Work item:
Return the listing below verbatim. Pictures do not belong in the copy.
*** Block opens ***
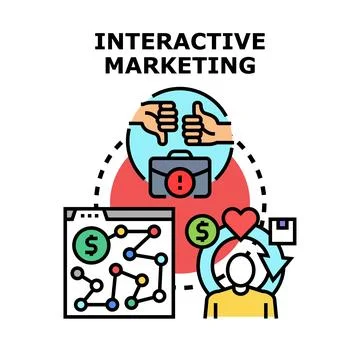 Interactive marketing engaging customers through feedback and data Stock Illustration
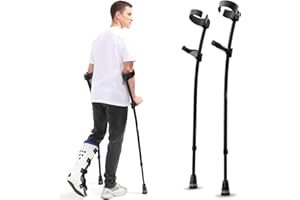 HEALTHBAZAAR Unterarmgehstützen für Erwachsene(EU0150293520001S), Krücken mit ergonomischen Handgriffen, stufenlose Höhenverstellung, All-Terrain-Tipp & rutschfester Boden, magnetischer Griff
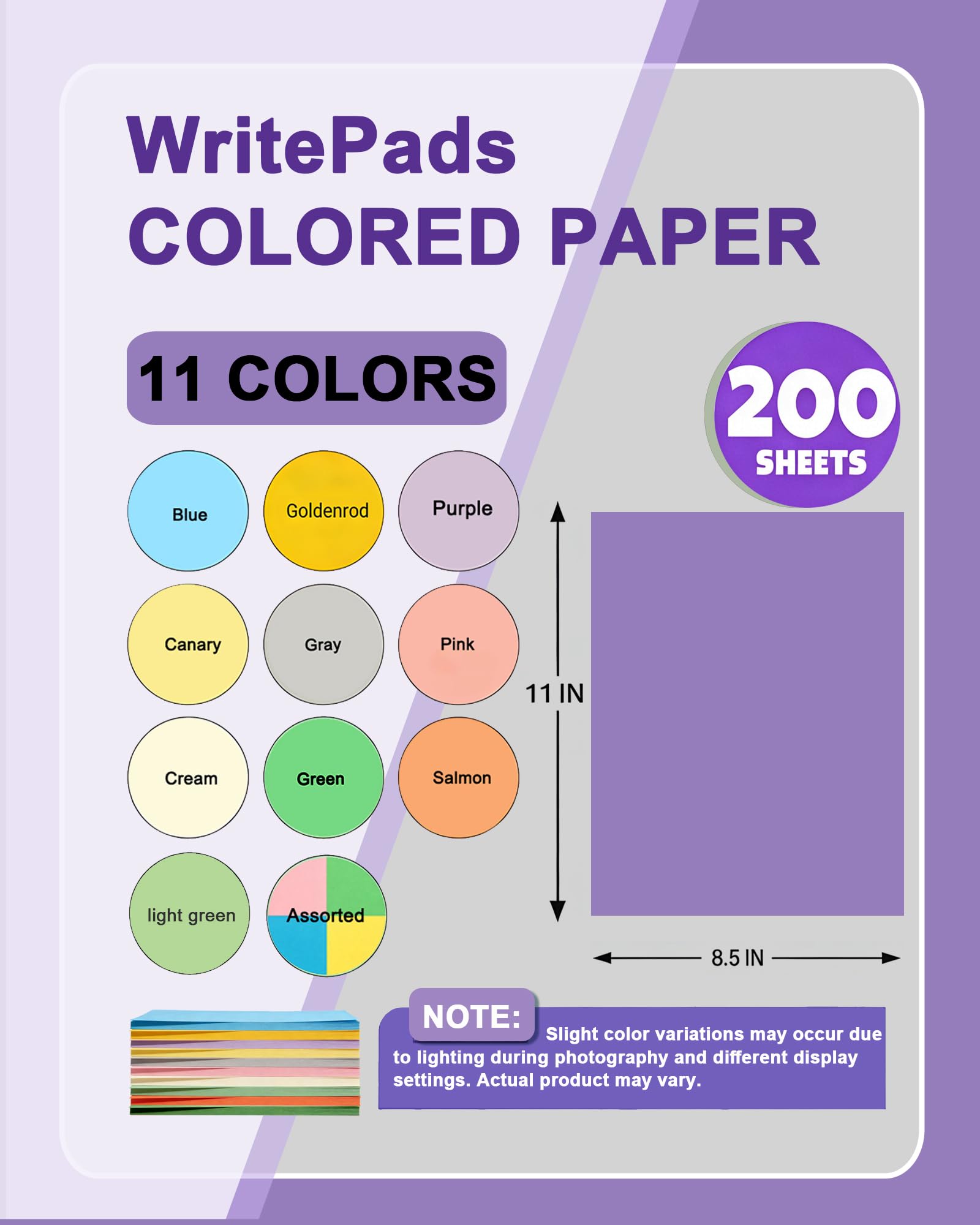 WritePads Veritas - Carta colorata per fotocopie, viola, 21,6 x 27,9 cm, formato lettera, 9,1 kg/75 g/m², viola, 200 fogli, per fotocopie, stampante, multiuso, prodotta negli Stati Uniti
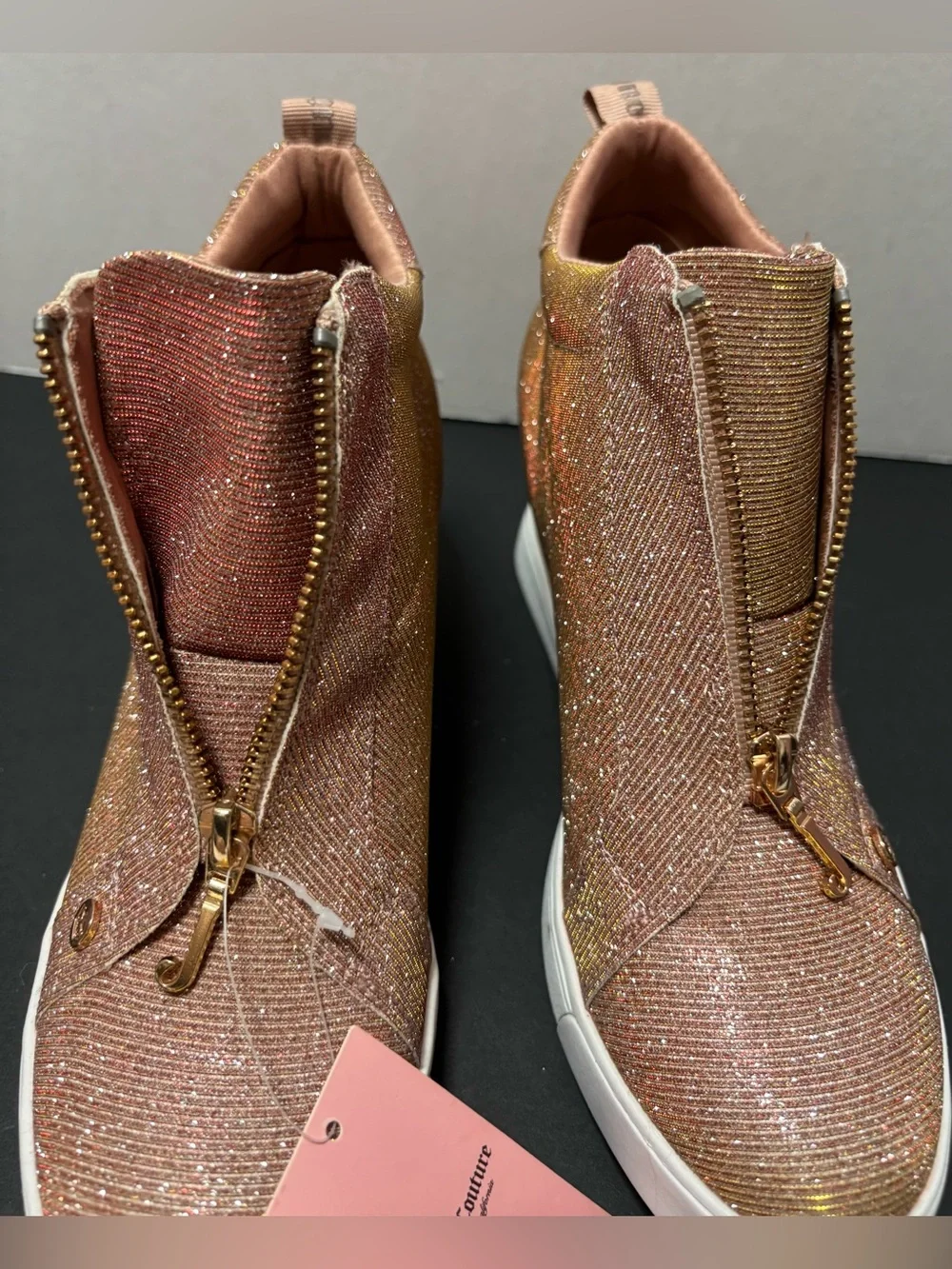 Juicy Couture JC-Joanz Blush Glitter Wedge Sneakers NWT 8.5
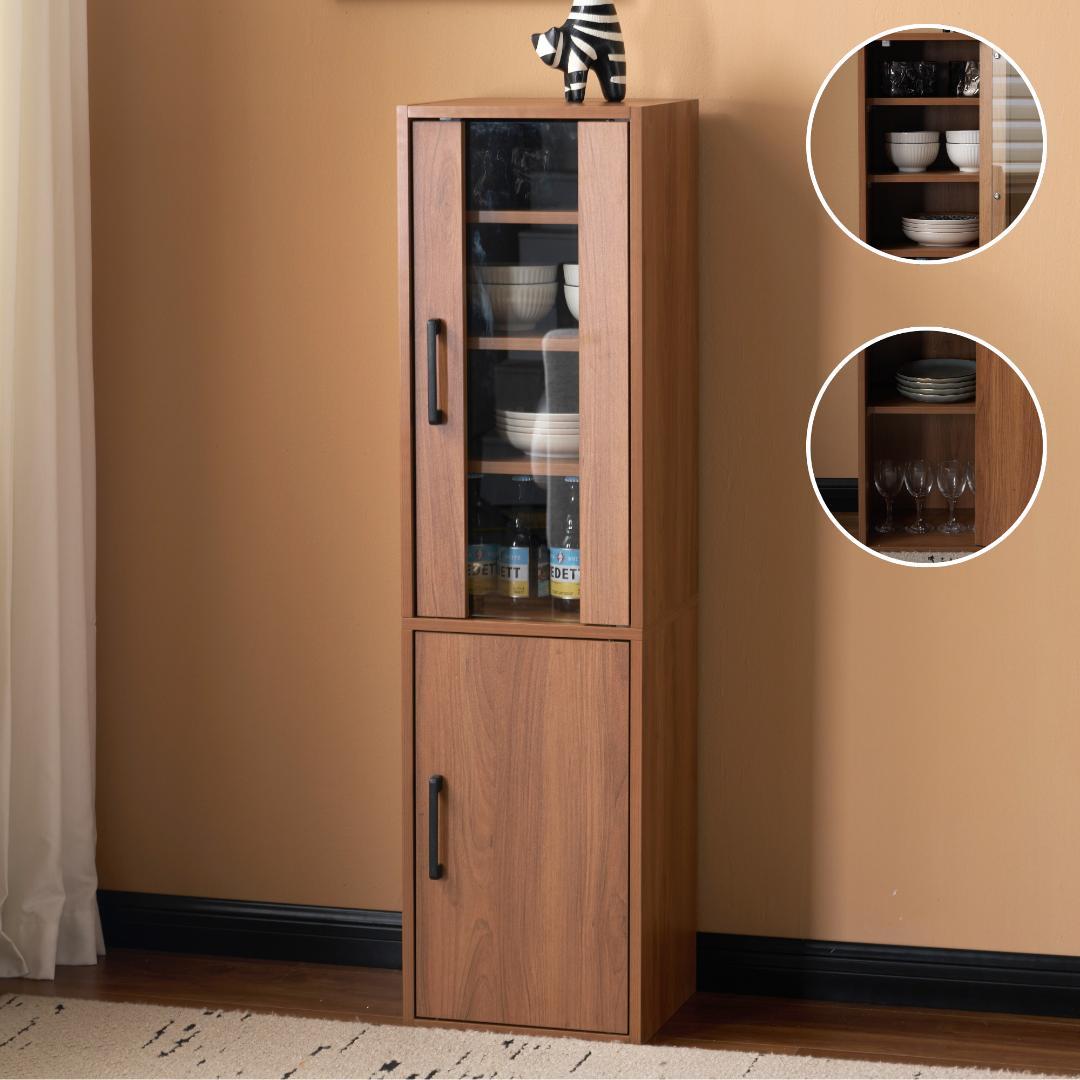 ブラウン 食器棚 収納付き 高さ120㎝ コンパクト カップボード 飾り棚/扉付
*** Block closes ***
Solution to this task:
 Interactive marketing engaging customers through feedback and data Stock Illustration
 HEALTHBAZAAR Unterarmgehstützen für Erwachsene(EU0150293520001S), Krücken mit ergonomischen Handgriffen, stufenlose Höhenverstellung, All-Terrain-Tipp & rutschfester Boden, magnetischer Griff
 WritePads Veritas - Carta colorata per fotocopie, viola, 21,6 x 27,9 cm, formato lettera, 9,1 kg/75 g/m², viola, 200 fogli, per fotocopie, stampante, multiuso, prodotta negli Stati Uniti
 Juicy Couture JC-Joanz Blush Glitter Wedge Sneakers NWT 8.5
 ブラウン 食器棚 収納付き 高さ120㎝ コンパクト カップボード 飾り棚/扉付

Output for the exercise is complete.